All lines from the one bearing "Hail Satan |" through the end of the data below must be printed exactly as they stand, with pictures removed.

[Scraped caption text data]
※ ※ ※

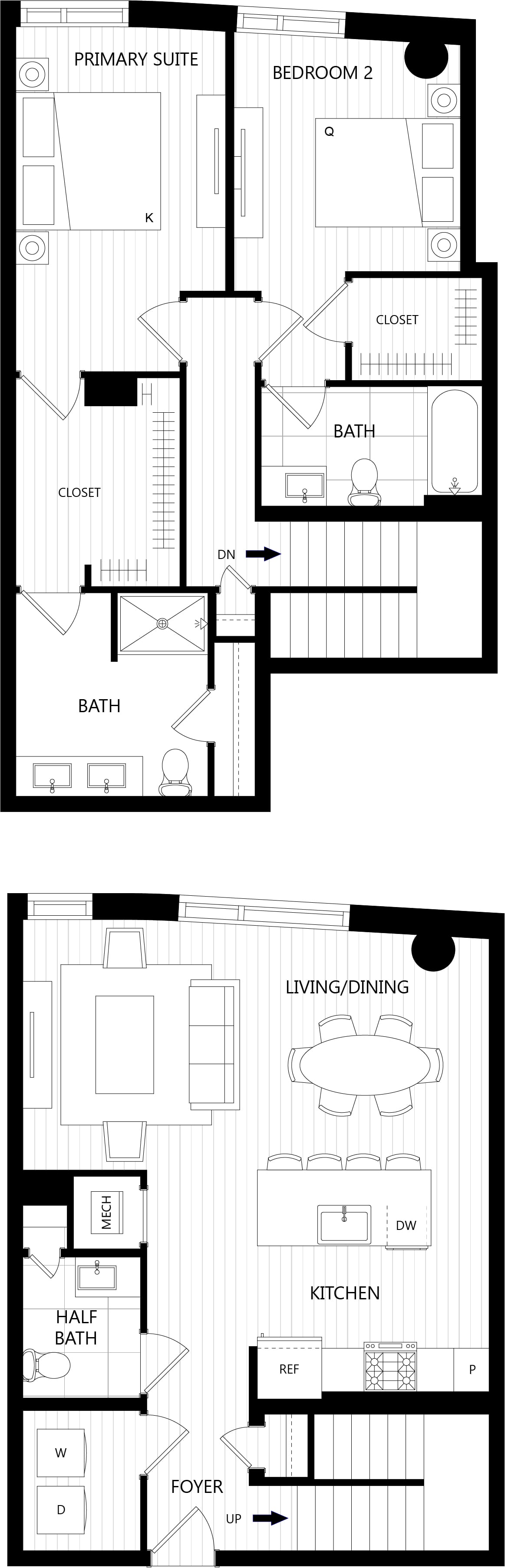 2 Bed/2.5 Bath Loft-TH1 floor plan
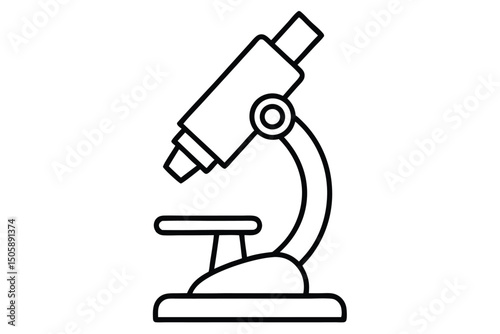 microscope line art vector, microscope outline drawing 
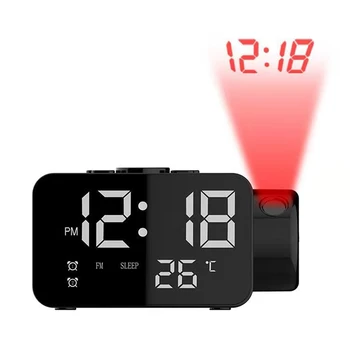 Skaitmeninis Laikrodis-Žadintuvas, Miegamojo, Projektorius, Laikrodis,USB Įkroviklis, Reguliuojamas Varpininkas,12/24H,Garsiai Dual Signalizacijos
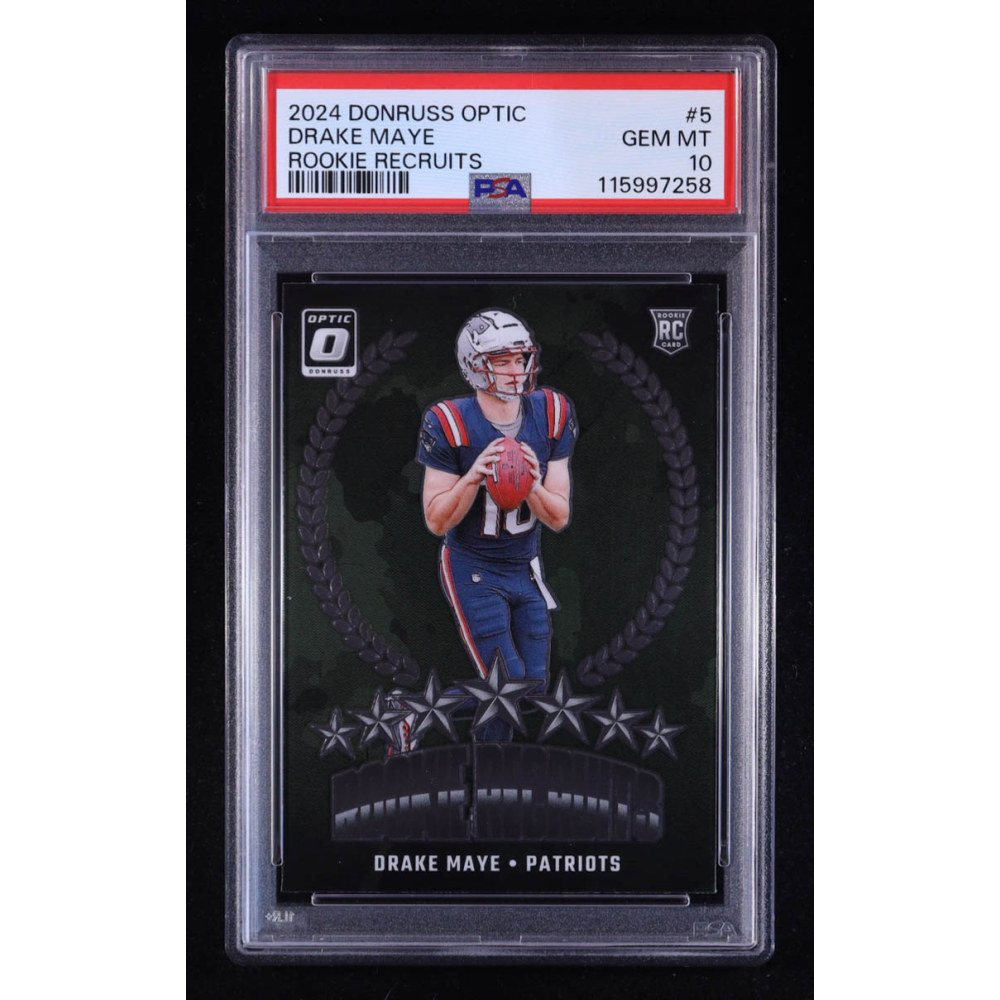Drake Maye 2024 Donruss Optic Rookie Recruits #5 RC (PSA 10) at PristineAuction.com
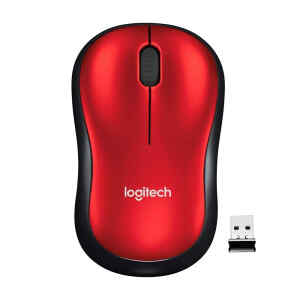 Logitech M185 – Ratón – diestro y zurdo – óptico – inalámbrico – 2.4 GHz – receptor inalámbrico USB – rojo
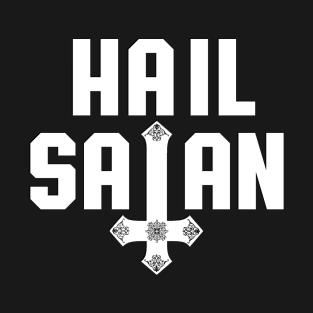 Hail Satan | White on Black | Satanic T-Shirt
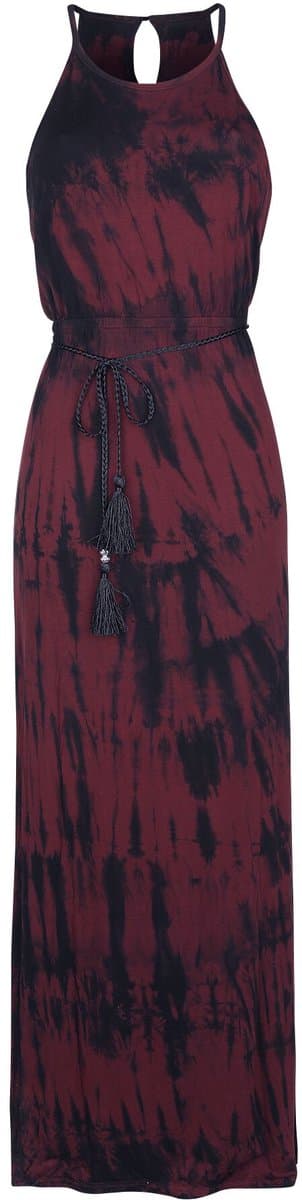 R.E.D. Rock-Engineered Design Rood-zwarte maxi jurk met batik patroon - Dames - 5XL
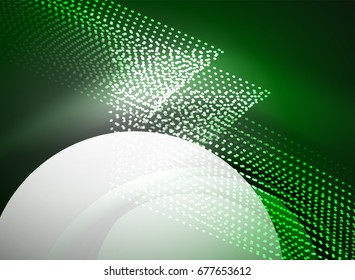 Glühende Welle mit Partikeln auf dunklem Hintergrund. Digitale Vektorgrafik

※ ※ ※

TASK SOLUTION -
 Hail Satan | White on Black | Satanic T-Shirt
 R.E.D. Rock-Engineered Design Rood-zwarte maxi jurk met batik patroon - Dames - 5XL
 Glühende Welle mit Partikeln auf dunklem Hintergrund. Digitale Vektorgrafik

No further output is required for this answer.